I definitely prefer the later seasons with the more highly developed three dimensional characters, BJ, Potter, and Charles as opposed to the earlier shows with Trapper, Henry, and Frank. Trapper is a one dimensional adulterous trickster; I actually find his character tedious and unsympathetic. By contrast, BJ is totally endearing with his determination (despite temptations) to remain faithful to his distant San Franciscan wife, while also acutely missing being part of his little girl's early years. Henry is lovably incompetent but interesting only from the point of view of his touching relationship with Radar. On the other hand, Colonel Potter is a real leader, army strict but fatherly and with a heart of gold. Also, the insufferably pompous yet actually very human, insecure, & rather lonely Charles is so much more interesting than the idiotic, adulterous Frank. Frank's character grows boring after a handful of episodes.

Furthermore, Margaret's character is much better developed in the later episodes after she dumps Frank, when she becomes a more three dimensional individual herself. I love the episode where she longs to feel accepted by her nurses and included as one of the group with their bull sessions and illicit fudge making antics; it really shows Margaret's vulnerability. Also, some interesting chemistry develops periodically between Hawkeye and Margaret during the later seasons.

A tip of my hat to every single one of the magnificent stars...McLean Stevenson (Henry), Wayne Rogers (Trapper), Mike Farrell (BJ), Henry Morgan (Potter), Larry Linville (Frank), Loretta Swit (Margaret / Hot Lips), David Ogden Stiers (Charles), Gary Burghoff (Radar), Jamie Farr (Klinger), William Christopher (Father Mulcahy), and especially Alan Alda (Hawkeye).
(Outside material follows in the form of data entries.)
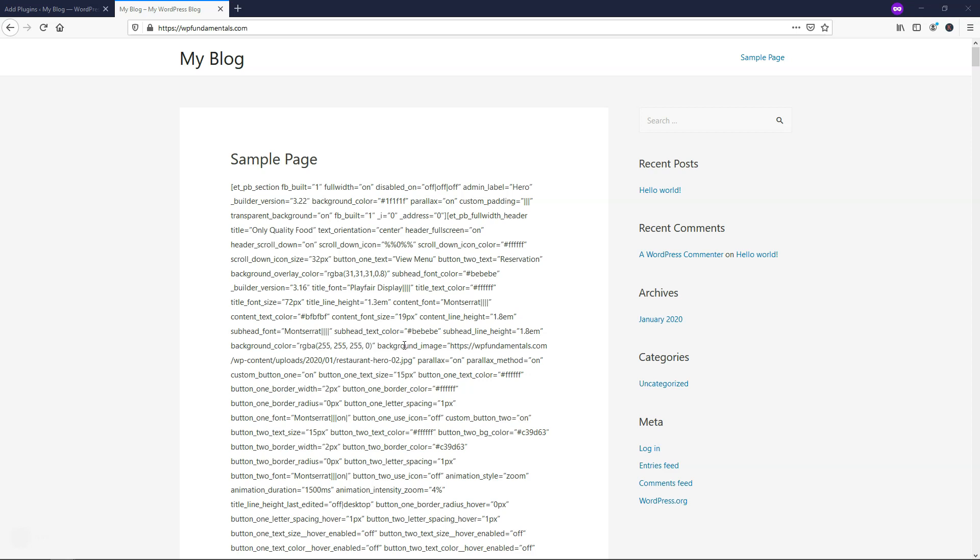Hey, it's Tom from WPwithTom.com, and in this video, I'm going to show you how to remove Divi shortcodes when changing WordPress themes. So let's dive into that now.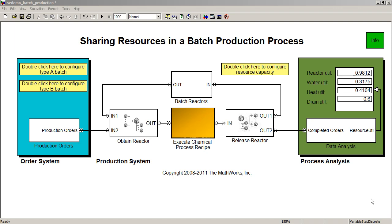In this demonstration, we're going to show you how with SimEvents you can explore manufacturing production processes. In this case, the manufacturing process is a chemical batch production process which has shared resources. You see such processes used in the manufacture of pharmaceuticals, for instance.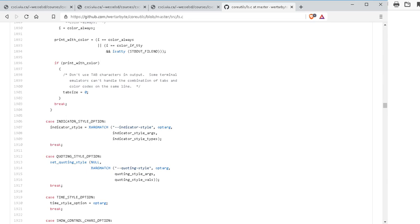Alright, seems like a good place to leave it for now. Next time we'll look at embedding this approach into some more interesting test automation scripts.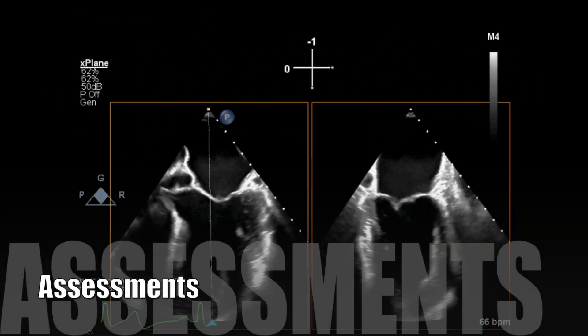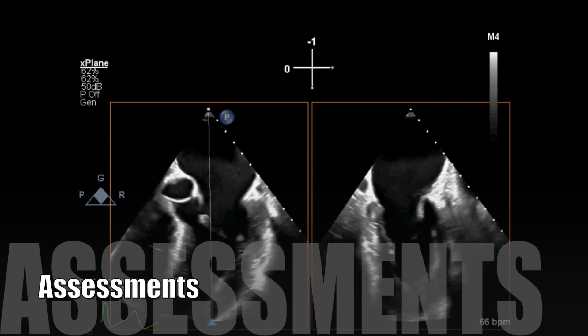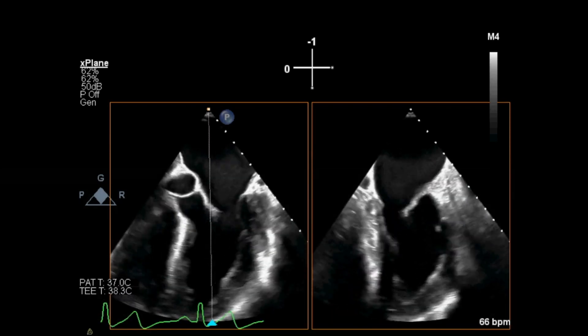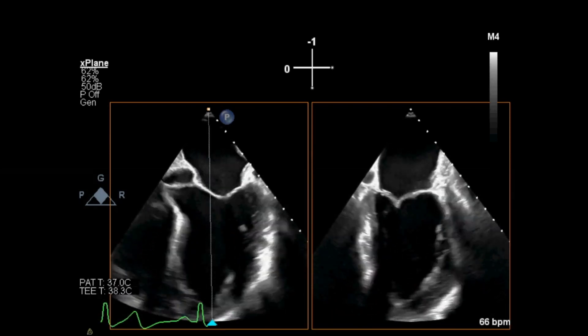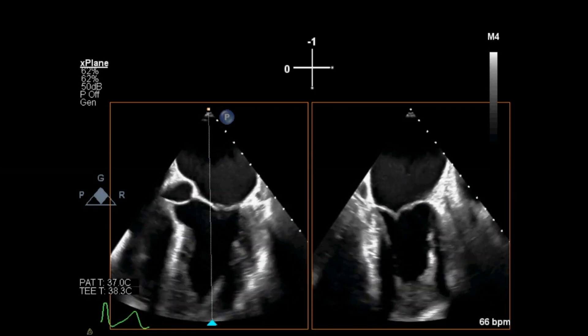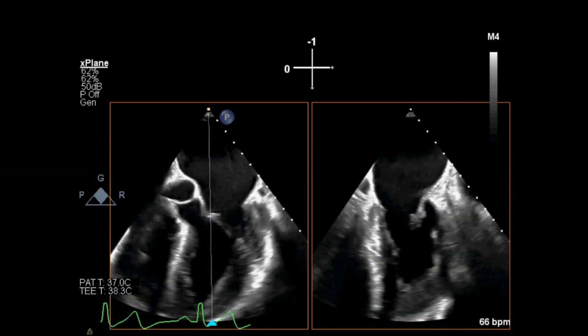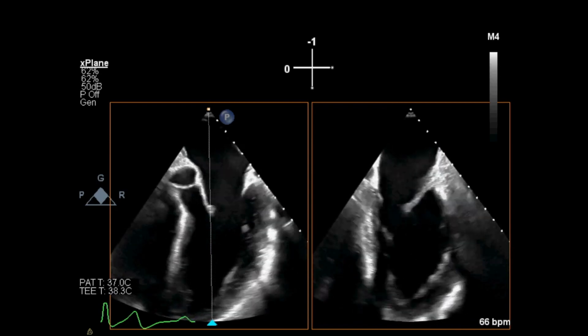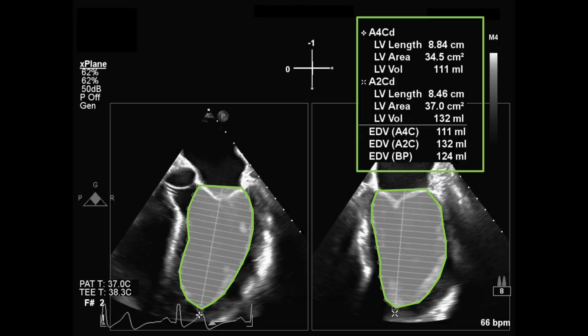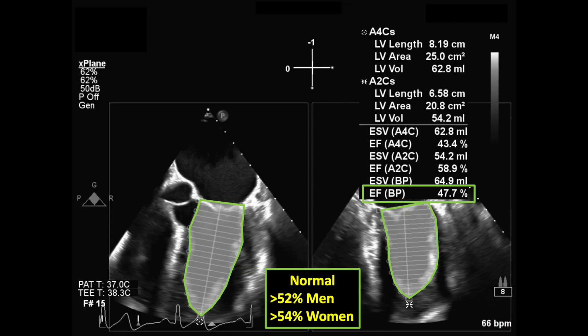Going back to these views, I calculate the left ventricle's ejection fraction by the Simpson's method from the biplane video clip at end diastole and end systole, and do the same in 3D.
Of course, despite the almost non stop laughs, the series features by sharp contrast, an ongoing deadly serious theme revolving around the horrors of war. The medical personnel constantly quip and play tricks so that they can cope with the horrific injuries and deaths they are forced witness on a daily basis. It's a message that is brought home in every episode, but through the clever use of humour. Thus it comes across as an extremely well crafted serio-comedic series.